Thomas Alden Bass (born March 9, 1951) is an American writer and professor in literature and history.

Biography[edit]

Bass graduated with an honors A.B. from the University of Chicago in 1973 and earned his Ph.D. in the History of Consciousness from the University of California Santa Cruz in 1980.[1] He has received fellowships from the New York Foundation for the Arts, Blue Mountain Center, the Regents of the University of California, and the Ford Foundation. He has taught literature and history at Hamilton College and the University of California and is former director of the Hamilton in New York City Program on "Media in the Digital Age." In 2011 he taught a lecture class at Sciences Po Paris on "The Political Economy of the Media." Currently Bass is the Professor of English at University at Albany, State University of New York.

Bass has appeared on Good Morning America, CNN, NPR, BBC, and other venues to promote his books.
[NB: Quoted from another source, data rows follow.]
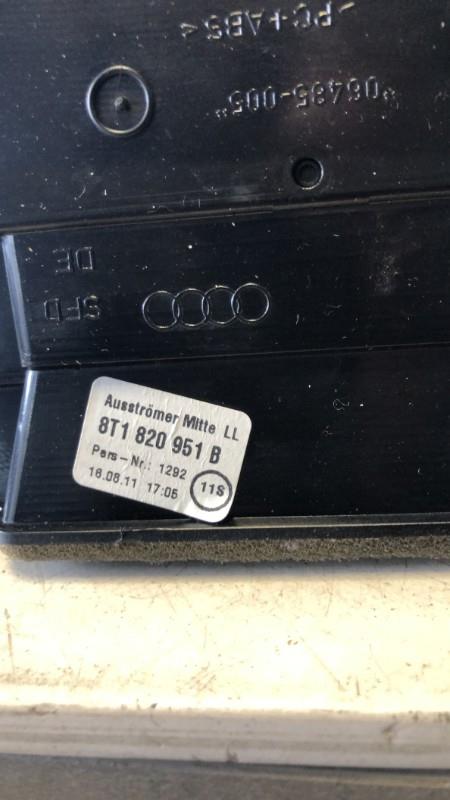 Aerateur tableau de bord AUDI A4 3 PHASE 1 Diesel - 1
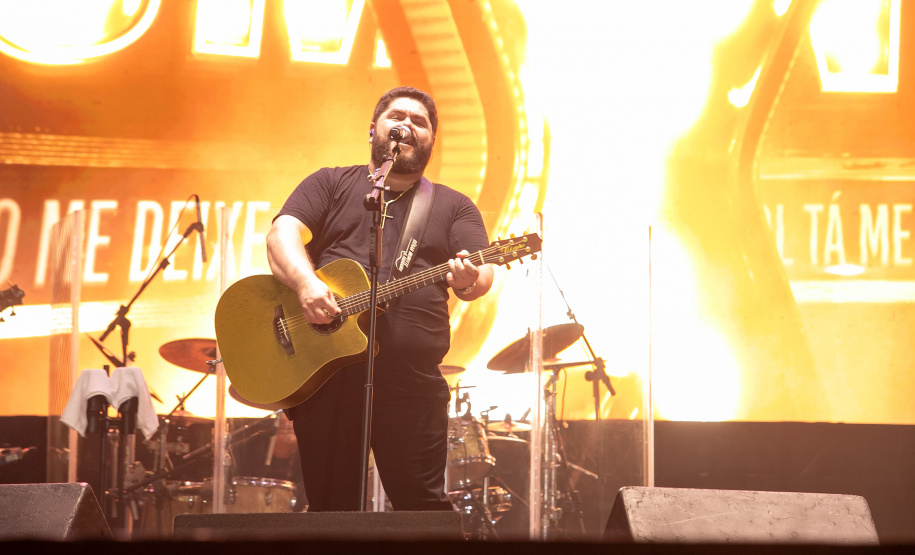 Show de César Menotti e Fabiano no Verão Maior Paraná em Pontal do Paraná
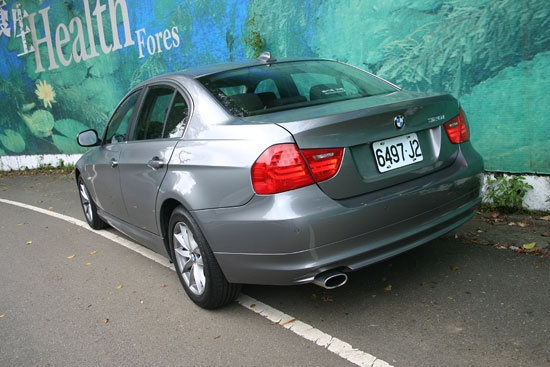 BMW_3-Series Sedan_320i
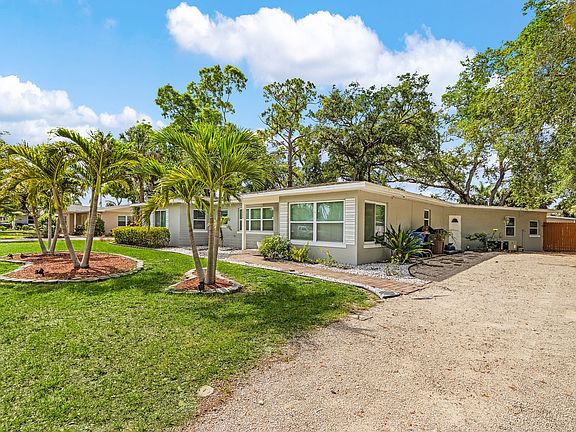 3rd image of 1340 Braman Ave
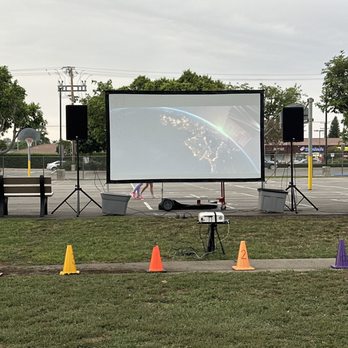 Sierra Vista Elementary School - Movie Night on the lawn!!! - Child Care & Day Care Near Me - Placentia, California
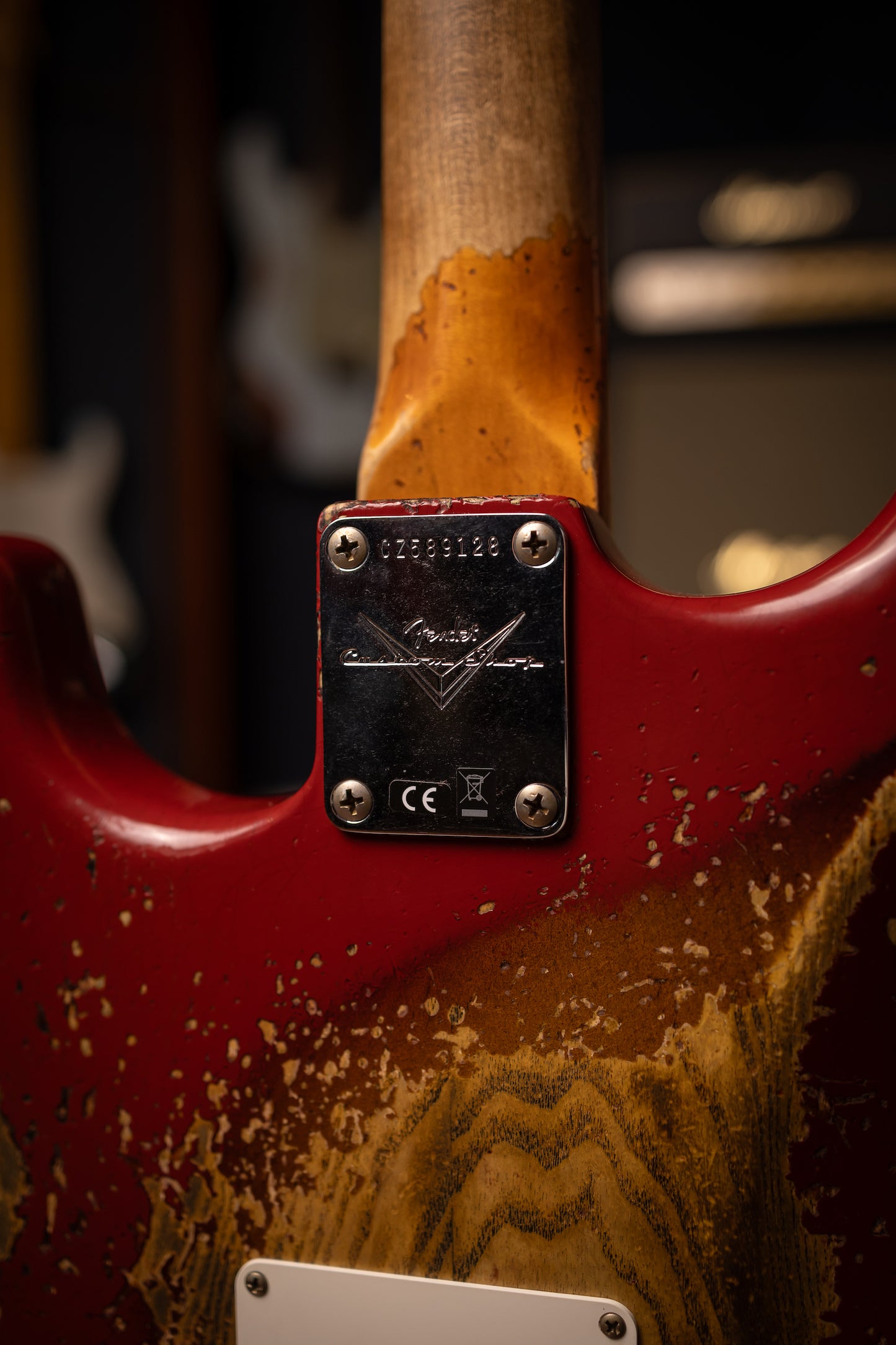 Fender Custom Shop 1961 Stratocaster Super Heavy Relic Electric Guitar - Aged Dakota Red over 3-Color Sunburst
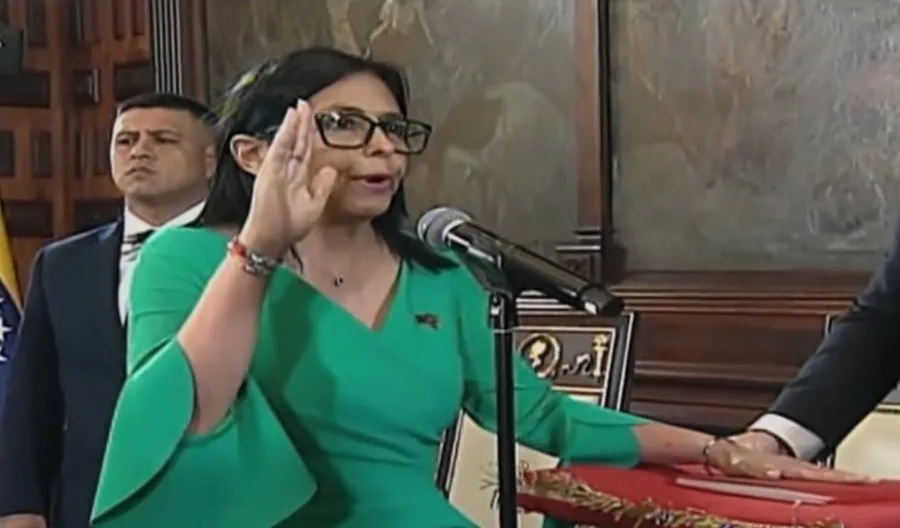 Delcy Rodríguez se juramenta como presidenta de Venezuela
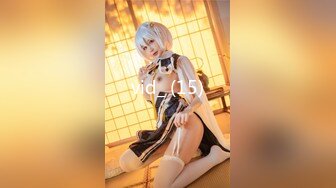 【新片速遞】 性感白皙皮肤美少妇，卧室中露脸道具自慰，特写超嫩粉穴，淫水很多大香蕉自慰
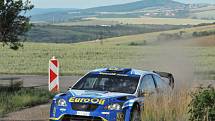 Vítězem 17. ročníku Agrotec Petronas Syntium Rally Hustopeče se stal Jan Kopecký (Škoda Fabia Rally2 evo), který o necelých sedm vteřin porazil Václava Pecha (Ford Focus WRC).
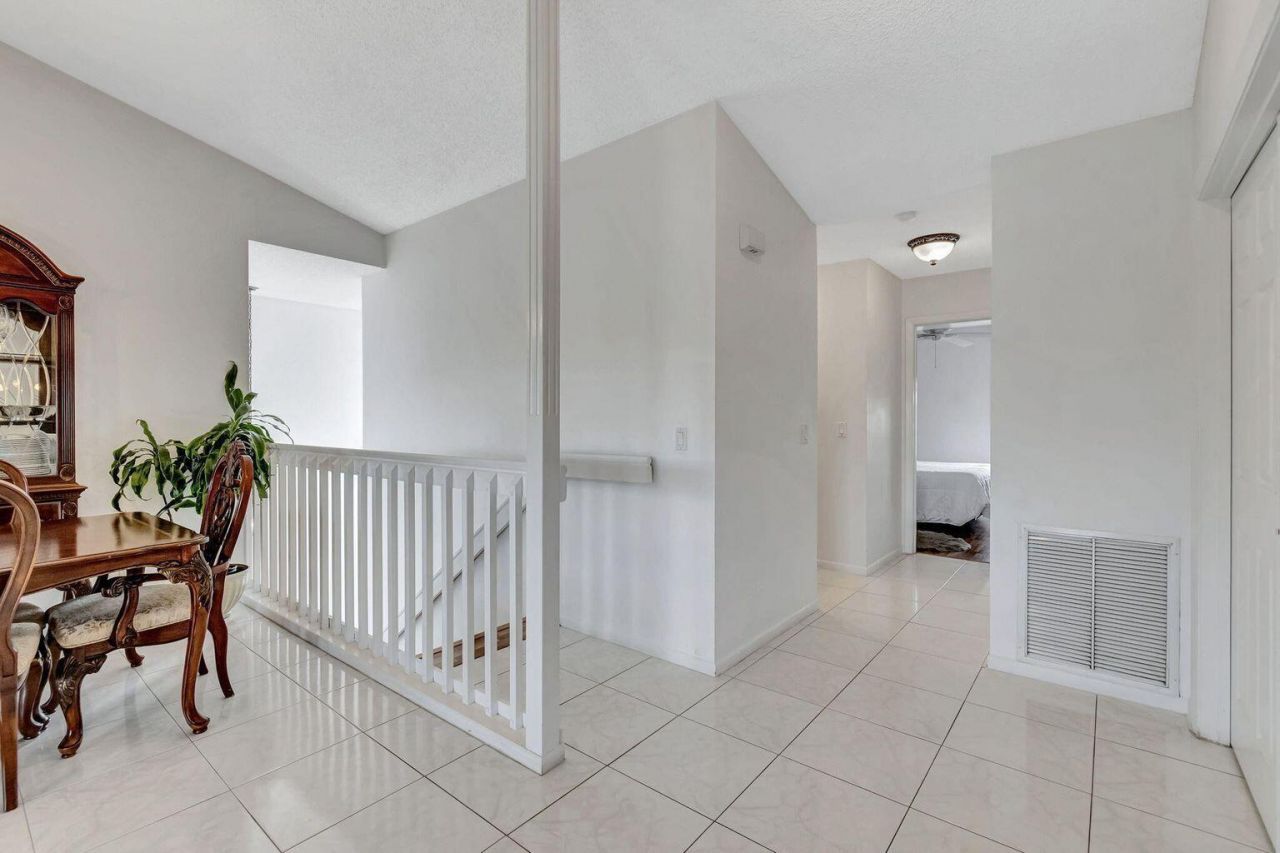 8320 Waterline Drive, Unit 201, Boynton Beach, FL 33472 Photo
He is the author of numerous articles for Wired, The New York Times, The New Yorker, Smithsonian, Discover, and other magazines.

Bass currently lives in New York and Paris with his wife and three children.

Publications[edit]

The 1985 publication of his book The Eudaemonic Pie is believed to have motivated the passage of a Nevada law banning the use of devices to gain an advantage at casino games.[2]

In his preface to Camping with the Prince, Bass states that he accompanied seven scientific expeditions into Africa from 1985 to 1987. This book focuses on African viewpoints to the African situation. It underlines the intricacy of Africa, more complex and more resilient than generally assumed by those looking at the continent from the outside. Among the African scientists presented to readers of this book are: Oyewale Tomori and Thomas Odhiambo. Thomas Bass also mentions in that preface that when he was a teenager he travelled along Africa's east coast, down the Congo and up West Africa.

Bibliography[edit]

  • The Eudaemonic Pie (Houghton Mifflin, 1985; Vintage, 1986; Penguin 1991).
  • Camping with the Prince and Other Tales of Science in Africa (Houghton Mifflin, 1990; Penguin 1991; Moyer Bell, 1997)
  • Reinventing the Future (Addison-Wesley, 1994, 1995)
  • Vietnamerica: The War Comes Home (Soho, 1996, 1997)
  • The Predictors (Holt / Viking-Penguin, 1999)
  • The Spy Who Loved Us (Public Affairs, 2009)

Notes[edit]

  1. ^ International Who's Who of Authors and Writers 2004 (Psychology Press, 2003: ISBN 1-85743-179-0), p. 39.
  2. ^ Anderson, Ian : "Burning the Tables in Las Vegas", page 145. Huntington Press, 2003.